Pour autant, le préjudice qui résulte de ce manquement se limite à la perte de chance de ne pas avoir eu la possibilité de faire un choix éclairé sur la levée ou non de la clause. Or, il est constant qu’une perte de chance ne se confond pas avec un préjudice consommé contrairement à ce que la société Unipatis prétend. Cette perte de chance doit ainsi être mesurée à la chance perdue et ne peut être égale à l’avantage qu’aurait procuré cette chance si elle s’était réalisée. L’arrêt de la cour d’appel de Lyon du 25 juin 2013 n° RG 12/05032 cité par l’appelante n’est pas transposable au présent litige puisque dans l’espèce soumise à cette cour, le dossier montrait que l’employeur avait entendu renoncer à l’application de la clause de non-concurrence si bien que, en quelque sorte, il était démontré dans cette espèce que la perte de chance de l’employeur était totale.

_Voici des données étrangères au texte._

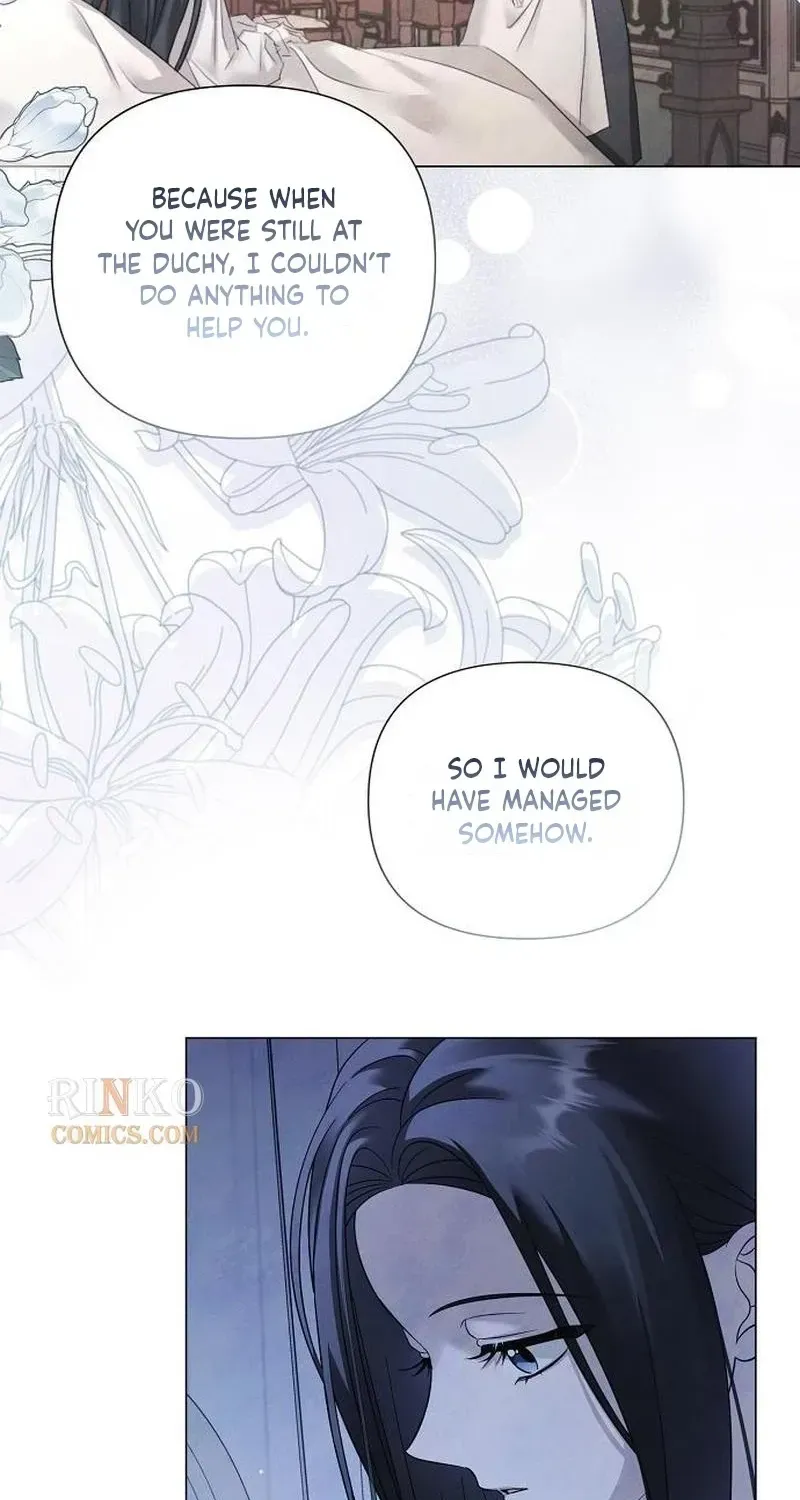 Too Late for Regrets Chapter 88 page 22 -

Or, dans la présente affaire, la société Unipatis exclut toute perte de chance et ne demande pas la réparation d’un tel préjudice de sorte que sa demande au titre de la réparation du préjudice constitué selon elle par l’obligation de s’acquitter de toutes les sommes mises à sa charge par l’arrêt définitif de la cour d’appel de Caen du 18 octobre 2018 outre cotisations sociales patronales ne peut qu’être rejetée.
Le jugement déféré ne peut donc qu’être confirmé en ce qu’il a débouté la société Unipatis de ses prétentions indemnitaires.
Les demandes accessoires
Compte tenu du sens du présent arrêt, le jugement déféré sera confirmé sur les dépens et sur l’application de l’article 700 du code de procédure civile.
Il n’y a pas lieu à application des dites dispositions en cause d’appel.
Compte tenu du sens du présent arrêt, chaque partie conservera la charge de ses dépens d’appel.
PAR CES MOTIFS
La Cour, statuant par arrêt contradictoire et mis à disposition,
DIT que M. [T] a manqué à son obligation particulière d’information et de conseil à l’égard de la société Unipatis,
CONFIRME le jugement rendu le 16 décembre 2020 par le tribunal judiciaire de Chartres,
DÉBOUTE chaque partie de sa demande au titre de l’article 700 du code de procédure civile,
CONDAMNE la société Unipatis aux dépens d’appel.
— prononcé par mise à disposition de l’arrêt au greffe de la cour, les parties en ayant été préalablement avisées dans les conditions prévues au deuxième alinéa de l’article 450 du code de procédure civile,
— signé par Madame Nathalie LAUER, conseiller pour le président empêché et par Madame Natacha BOURGUEIL, greffier, auquel la minute de la décision a été remise par le magistrat signataire.